Die europäische Variante des Internet Archive:
Vision
Based in Amsterdam and Paris, the European Archive is a non-profit foundation working towards universal access to all knowledge. The archive will achieve this through partnerships with libraries, museums, other collection bodies, and through building its own collections. The primary goal of collecting this knowledge is to make it as publicly accessible as possible, via the Internet and other means.
Rationale
With the Internet, tremendously rich parts of our cultural heritage could be freely accessible online. But most of them are still dormant (non-digitized collections) or disappearing (Web history).
Massive digital collecting, digitizing, and storage techniques make it possible to preserve and give public access to this rich material. Mastering these techniques will be key in the coming years for the future of cultural heritage, both traditional and materials produced in digital form.
Europe, cradle of a unique cultural heritage has a special role to play to this regard. But even in a connected world, propinquity, specific legal and technical environment should not be underestimated and having a European-based institution in this domain makes a difference.
By developing a large-scale archiving architecture in Europe and competences that come with it, the European Archive intends to be a catalyser in the development of skills and know-how in the domain of preservation and access to digital collections. It also intend to bring in Europe a new type of Cultural Institution that focus to free public access to large rich digital collections.
Web archiving
As the web has grown in importance as a publishing medium, we are behind in bringing into operation the archiving and library services that will provide enduring access to many important resources. Where some assumed web site owners would archive their own materials, this has not generally been the case. If properly archived, the Web history can provide a tremendous base for time-based analysis of the content, the topology including emerging communities and topics, trends analysis etc. as well as an invaluable source of information for the future.

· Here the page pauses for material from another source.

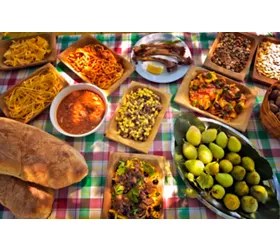 Trattoria la Quercia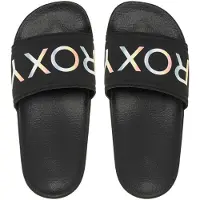 Roxy Kids Flip Flop Rg Slippy Ii black 5 (37)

The foremost effort to archive the Web has been carried on in the US by the Internet Archive, a non-profit foundation based in San Francisco. Every two months, large snapshots of the surface of the web are archived by the Internet Archive since 1996.
This entire collection offers 500 terabytes of data of major significance in all domain that have been impacted by the development of the Internet, that is, almost all. This represent large amount of data (petabytes in the coming years) to crawl, organize and give access to.
By partnering with the Internet Archive, the European Archive is laying down the foundation of a global Web archive based in Europe.
Digitization
We have entered an era where digitization of all significant cultural artefacts will be completed. Within the next decade, most of the published cultural content (books, music, images and moving images) will have been digitized. Recent commercial announcements have fostered awareness and started this movement, but limited to a few major libraries which leaves an opportunity for an open system to be pursued. This entails digitizing, preserving and providing access to the rich public domain of books, music, images and moving images on a the large scale.
By fostering the development of a large scale, archiving platform, the European Archive intend to facilitate the mastering of processes and tools needed for digital public content archiving and distribution in Europe.
Infrastructure
With the technical support of the Internet Archive and XS4ALL, the European Archive has installed a repository with 250 terabytes (250 000 giga-bytes) capacity in Amsterdam via which a large collection digital material (text, music, moving images, software) can be accessed.
On average, the download rate has been over 350 Megabits per second in December 2005, already making EA a significant content provider in Europe.
The data organization is highly distributed (200 nodes on a cluster) to enable distributed processing.
This achievement represents already a significant step in establishing in Europe an archiving infrastructure to collect and archive digital material at large scale. We plan to extent it to 1 petabyte (1000 terabytes) within the coming years.
The European Archive should be accessible in Europe’s language. A multilingual web management system for large digital collections has been implemented. This system is based on a flat structure permanently indexed and updated. It allows light and flexible management of the web interface to collections, and can scale up unlimitedly in the future.
An opportunity for Europe
We expect the European Archive to become an essential piece in the European cultural heritage landscape.
In order to meet the goals of Lisbon 2010 for Europe to become “the most dynamic knowledge economy in the world” large-scale public archive is a key component.
It will enable public and free access to large portion of European cultural heritage and bring in the broadband network infrastructure tremendous quantity of rich and legal content.
It will bring to traditional heritage institutions a technology partner enabling them to make significant steps towards digitization and public accessibility of their collections, making Europe more visible and attractive in a globally networked world.
By developing cutting hedge technology application in the domain of massive digital collection acquisition, management and storage it will develop a centre of excellence in a key domain of tomorrow’s Internet.